With acknowledgment to Jhablall Balmakund, MD, for materials on pediatric gait.


History and physical examination in physiatry aim to not only make medical diagnoses but also to assess functional status. Additional objectives are to determine the goals, hopes, and expectations of the patient and family and to begin to develop rapport and a working relationship with them. In pediatric physical medicine and rehabilitation, there are additional dimensions of child and adolescent development and often complicated emotions of parents facing special needs or long-term disability in their children. Families often have varied levels of understanding regarding the young person whose life is going to be different from their peers.

An accurate diagnosis can make a great difference in the effectiveness of management and the prognosis of many disabling conditions. Our patients may come to us with a well-defined problem and cause, or it may be up to us to pick up on an unsuspected or missed diagnosis. Although the physiatric focus is on the musculoskeletal and neurologic systems, general health and well-being are critical to review. Therefore, a thorough general physical examination is also essential. The effect of physically disabling conditions on other organ systems should be elucidated; this often requires screening procedures and additional specialty medical care to avoid complications that may limit function. Common examples include cardiac and pulmonary dysfunction; nutritional status; metabolic, hepatic, and renal conditions; and skin integrity.

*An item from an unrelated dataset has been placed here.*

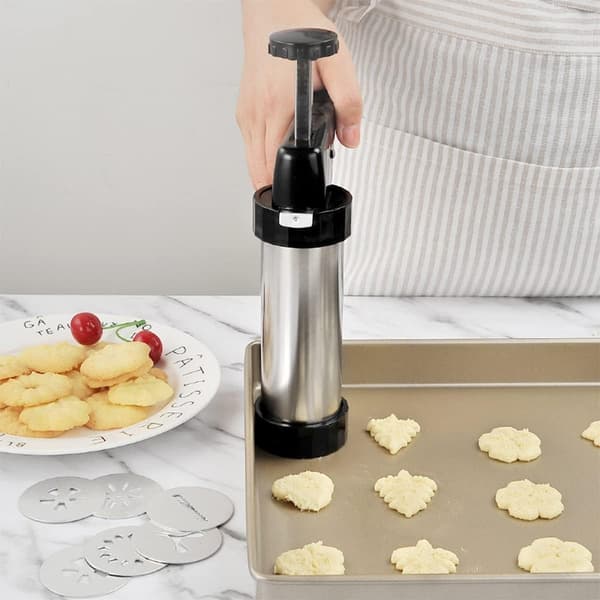 Kakeutstyr i rustfritt stål med 8 kakeformer og 8 dyser for jule-, bursdags- og DIY-kakebaking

The emotional impact and understanding of a pediatric disability by the family should be addressed.1 Does a parent view the child as sick, dying, or in need of a cure? Is the condition an embarrassment or a reflection of their inadequacy or failure in their eyes? Is the family overwhelmed with guilt, fear, or shame or concerned with how we view them and how they may be judged as parents? Are they comfortable with their child openly participating in their community as they are able? Do they have the practical and emotional support they will need not only to provide care but also to facilitate an optimal level of function and quality of life for themselves and their child as a whole family? What do children or adolescents understand about themselves and their condition?

In the International Classification of Functioning (ICF) framework, this approach addresses the questions of what is wrong on a pathophysiologic level (impairment or disease), what is lacking on a functional level, what are the effects on fulfillment of appropriate ...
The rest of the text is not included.